FOUND ON CRAIGS LIST JULY 14, 2009 SO EASY ANYBODY CAN DO IT. 
:thumbup: :thumbsup: :thumbsup: :thumbsup: :thumbsup:
I CALLED MARSHELL HE SAID I WAS HARASSING HIM, AND HUNG UP ON 
ME, HE SAID HE DID'NT NEED MY ADVICE AS HE IS STUDYING TO BE A 
ATTORNEY HA! HA!
Plumber/ Handyman/ Grad Student needs work! I do Repairs & Installs! (HOUSTON AND SUBURBAN SOUTHWEST)
Reply to: [email protected] [Errors when replying to ads?]
Date: 2009-07-14, 4:26PM CDT


I am a grad student off from school for the summer and trying to make ends meet until next semester. I have two years experience with a reputable plumbing company in the Houston area, handling residential repairs and installs. I have also worked as a handyman for some time, and I am generally pretty handy with most houshold repairs. I speak excellent English.

Things I do very well...
-Water heater installs
-Faucet and plumbing fixture installs
-Leaky pipes and faucets
-Clogged drains and toilets
-Small, Miscellaneous household repair jobs

I am NOT a licensed plumber. I accumulated almost enough hours for a Journeyman's License before I decided to go back to school. However, most licensed plumbers charge at least $90 /hr. My rate is only $50/ hr. If you prefer a flat rate, we can negotiate a reasonable rate after I take a look and give an estimate. I also run a moving company if you need to move anything anywhere around the Houston area or within one state of Texas.

Call Anytime 9AM-9PM
References available upon request

I look forward to speaking with you!

Marshall R. Sumrall
(713)550-3034


----------



## UnclogNH (Mar 28, 2009)

*He is another one*

*plumming heating a/c building maintenance (nh)*

Reply to: [email protected] [Errors when replying to ads?]
Date: 2009-07-13, 9:39PM EDT



all aspects of your home or appartment building 15.00 per hour . plumming heating electrical windows doors sideing sheetrocking fraiming roofing sealcoating what ever you have we can do 15.00 per hour . 27 years exp 


Location: nh
it's NOT ok to contact this poster with services or other commercial interests
*License info: depends on what you need *
PostingID: 1268655012
Please note: Plumbing is spelled wrong :laughing: I guess thats what $15.00 dollars an hour gets you.


----------



## breid1903 (Feb 8, 2009)

*$50.00 cash*

pretty good for a summer job in college. breid


----------



## Proud Plumber (Sep 15, 2008)

Guys, Guys wait I got one too. Heck we should turn this into a contest...

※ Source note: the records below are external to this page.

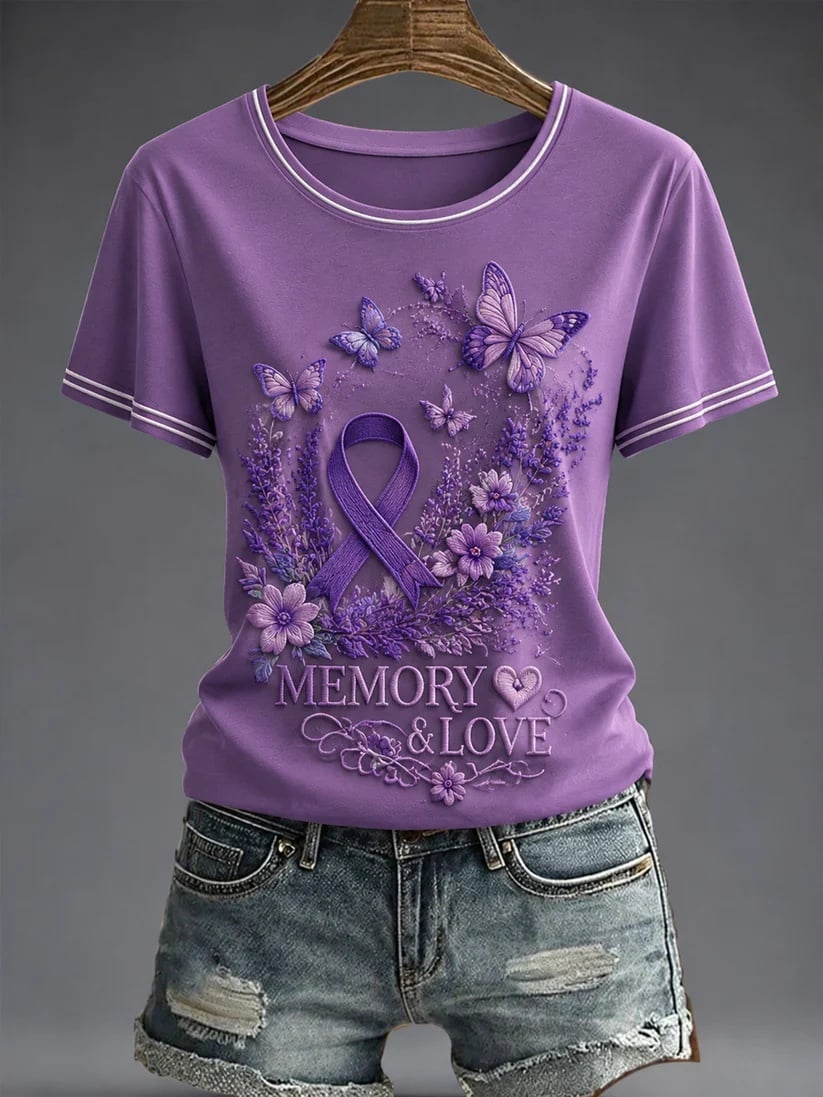 Women's Alzheimer's Awareness Graphic Print T-Shirt
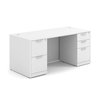 Officesource 60.00'' W X 29.50'' H, White DBLFDPL102WH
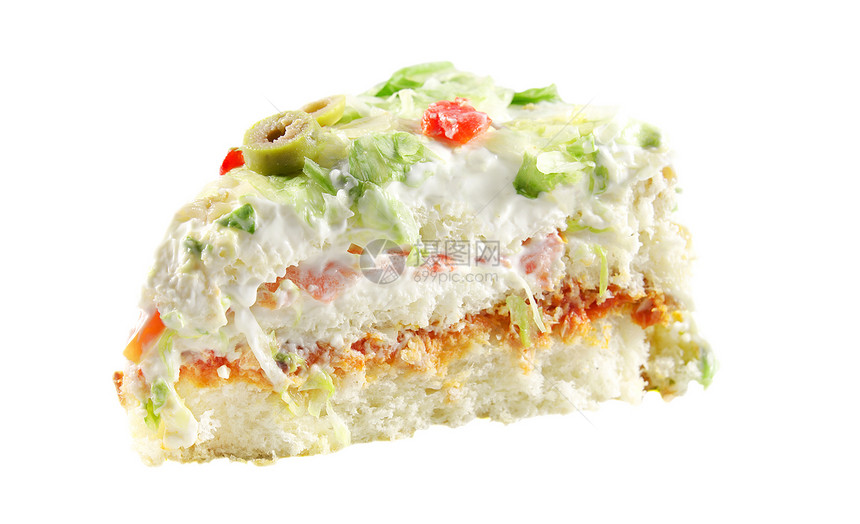 蔬菜蛋糕食物白色馅饼糕点派对红色沙拉美食绿色装饰图片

Who can come up with the best ad.

As you all have seen Florida is getting wacked pretty hard in this whole thing and this is what I run into on about 8 out of 10 estimates. I lost a 5600.00 remodel that involved repiping the DWV to a gentleman like this.:furious: I am not saying the work isn't there just venting.

Reply to: see below 
Date: 2009-07-14, 3:49PM EDT


Because of the numerous requests from “Bargain Hunting Customers” I must evaluate all requests from customers who are only interested in getting a FREE ESTIMATE 
Or obtaining as many estimates as possible so they can choose the cheapest one - experience has taught me that they will not get a superior job. 
But if you are looking for a professional that has done numerous types of jobs in the different trades for hundreds of customers over the last 30 years I am competent in: 
* Carpentry - (rough, trim, and finish) * Painting, Stain, Varnish 
* Tile work, Plastering, Drywall * Formica, Wallpapering, kitchen cabinets 
* Repairs on all termite or water damaged wood, porches, decks, or overhangs 
* All types of door and windows repairs and new installations 
* I am also capable of doing electrical and plumbing repairs. 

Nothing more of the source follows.